We are guaranteeing 3 good proposals for your trip and the best will receive
the specified reward (anything from 5-100 dollars).

The struggle we are facing is that we are unable to get a decent amount of
traffic because of the really big competitors with deep pockets to acquire
this traffic. We're not in the same 'idea space' but we are still in the
travel segment. This makes it incredibly hard to compete.

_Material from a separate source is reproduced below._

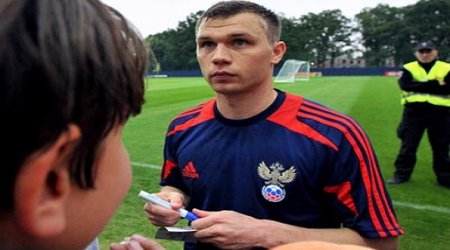 Игрок сборной России может перейти в «Габалу»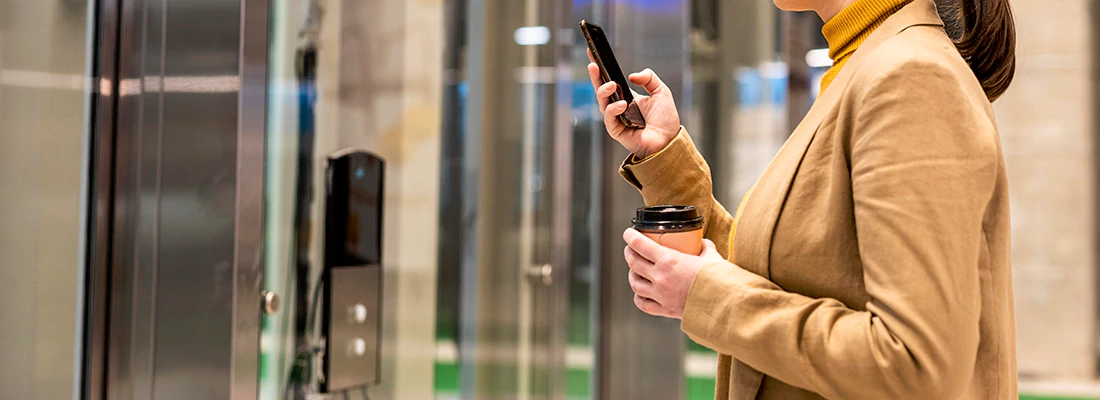 Upgrade Your Space with Touchless Doors in Parkland, FL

Despite good press, really good customer satisfaction and a business model,
the site is struggling. We are now looking to partner up with one of the big
brands to 'catch' drop offs from their main site with a service that can
retain the customer. Maybe I'm being to optimistic that any big brand will
take this chance, but I'm confident that our platform does it job and that it
can be a tool to get your drop off rate down ("Didn't find what you were
looking for? Let our experts help!)

If anyone can hook me up with the right people to pursue this, I would be very
grateful :-).

------
natural219
This is a great observation! I'm two months into this "digital nomad"
experiment, and the biggest pain has been lack of central organization for my
schedule, todos, costs, sights-to-see, etc.

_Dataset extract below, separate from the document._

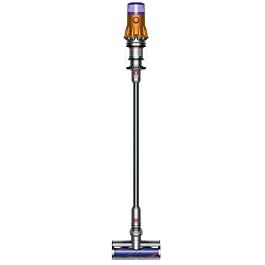 Máy hút bụi Dyson V12 Detect Slim Absolute, nhỏ gọn và nhẹ, pin sử dụng liên tục đến 60 phút, lực hút 150AW sử dụng công nghệ lốc xoáy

My interpretation is that the domain is simply too big, and the field of
"personas" so varied that finding a critical mass of core users around common
use cases is nigh impossible. Even within those identifying as "digital
nomads", you have adventure tourists, travel-blog content marketers, $100/hr
front-end consultants, cultural commentators, resilience quacks, and so on.

Look at a site like TripAdvisor, which does a great job of aggregating the
_most basic_ reviews of restaurants, hotels, etc., and even it contends with
enormous problems like data rot, internalization, etc.

I suspect that, if the "long-term travel" community continues to grow, there
will emerge specific niches that could reach that critical mass needed for an
MVP of a serious travel planning app. For now, trying to parse through google
results for "apps for digital nomads" is something like a nightmarish goose
chase through an illegible jungle of travel blog shills.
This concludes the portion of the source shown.